Romanın üstünde durduğu başka bir şey ise Maraş katliamına dönük tanıklık ve onun sürmekte olan travması ve yasıdır. Kamuran’la Ahmet’in ayrılığını da her ikisinin yaşadığı travmanın nedenleri içinde sayabilirsek de belirleyici olan katliamdır. Kamuran’ın kardeşi Gül’ün de aynı katliamda öldürülmesi ise travmayı kalıcı bir yasa dönüştürmüştür.
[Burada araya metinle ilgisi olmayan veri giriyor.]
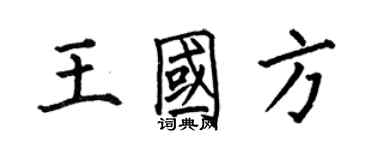 何伯昌王国方楷书个性签名怎么写
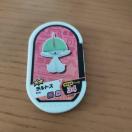 �|�P�������U�X�^�u�����g�X�v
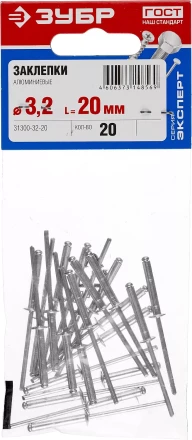 Заклепки ЗУБР алюминиевые 3,2х20мм, 20шт 31300-32-20 купить в Ханты-Мансийске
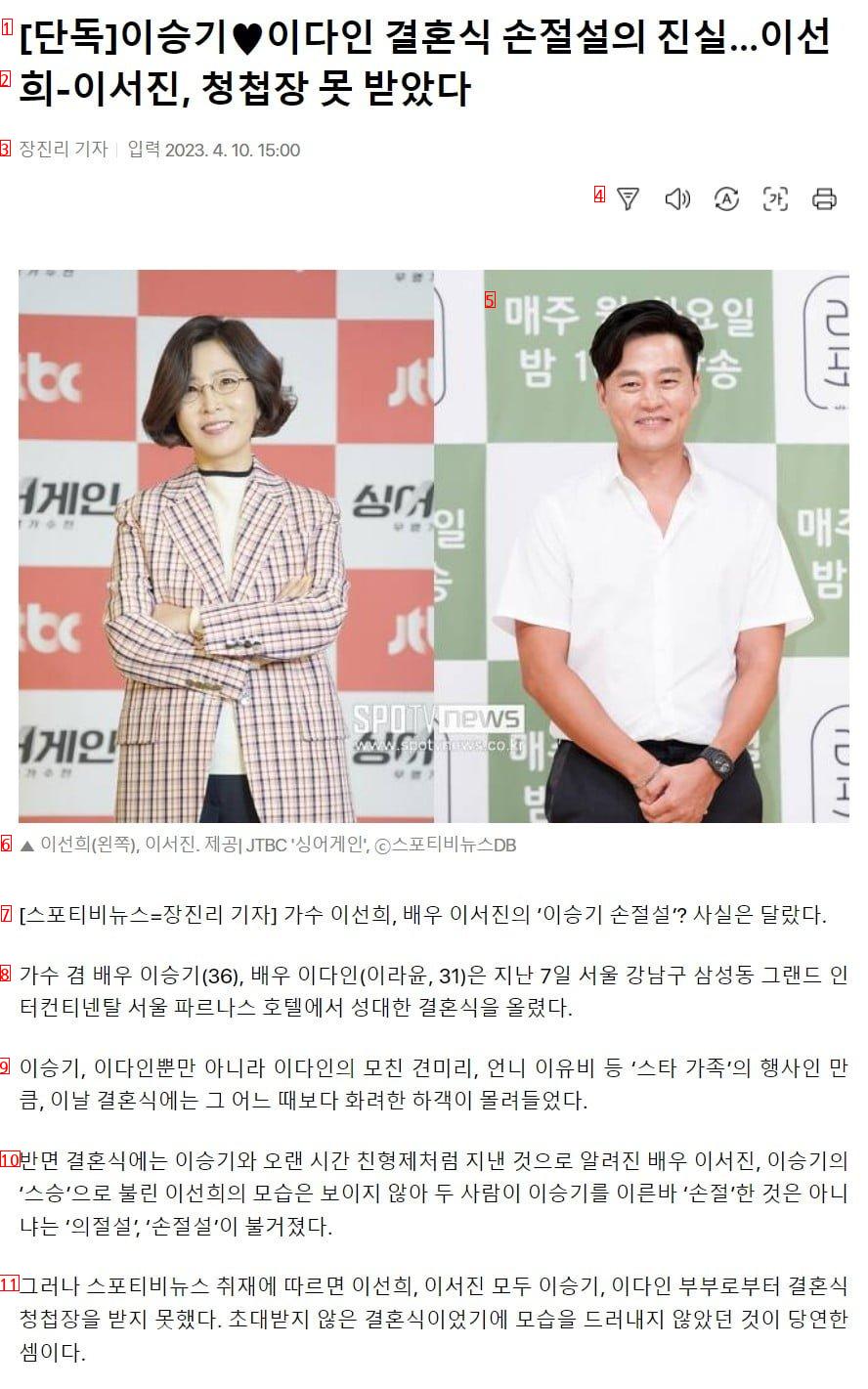 이승기 결혼식 불참논란 이선희, 이서진 진실 .jpg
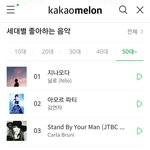 [드루와] <b>아모르</b> <b>파티</b>를 이긴 갓-로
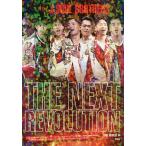 【条件付＋10％相当】三代目J　SOUL　BROTHERS　THE　NEXT　REVOLUTION/EXILE研究会【条件はお店TOPで】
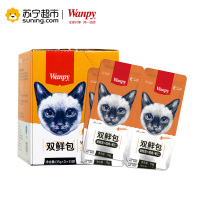 Wanpy顽皮双鲜包猫用金枪鱼鸡肉虾仁双鲜包70g猫零食湿粮猫粮伴侣
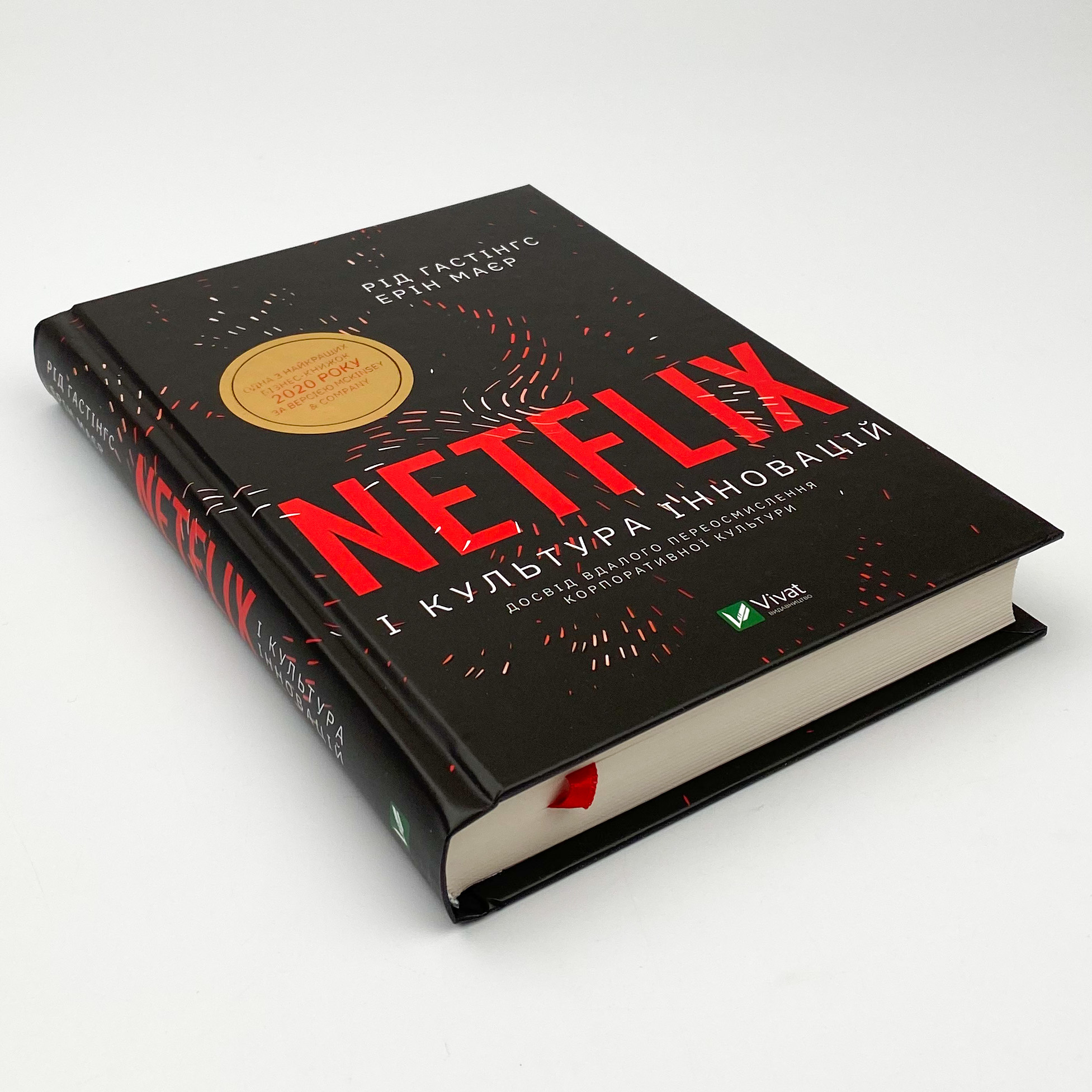 Netflix і культура інновацій. Автор — Гастінгс Рід, Маєр Ерін.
Ahmet’in Gül’ün öldürülmesinden haberdar olması ve haber vermeden çekip gitmesi karşılıklı yazılan mektuplardan sonra karşılaşmada yaşanan uzaklık ve yabancılık ise onu daha da tartışmasının nedeni de olsa da orada her ikisi için asıl belirtilmesi gereken ve çıkarılması gereken sonuç kurtulanların hatırlamalarına ve buna çağırılmasına ihtiyaç olmadığıdır. (MarcAuge)
Kamuran hem Türkiye hem de İngiltere eksenli geçmişi ve bugünü hem sürgün izleğiyle hem de ayrılıkla sonuçlanmış ama vazgeçilmemiş bir aşk ekseninde değerlendiren fazlasıyla politik ve kültürel içerimleri olan bir roman olduğu kadar dünyanın kapılarına dayanmış artık milyonlarla ifade edilen yeni insan tipini (Hannah Arendt) ve onun sorunlu dünyasını anlamak, tartışmak ve dayanışma ve yardımlaşmayla (bütün canlılar) birlikte yaşamanın (Zygmunt Bauman) yollarını bulmak için iyi bir imkân olabilir.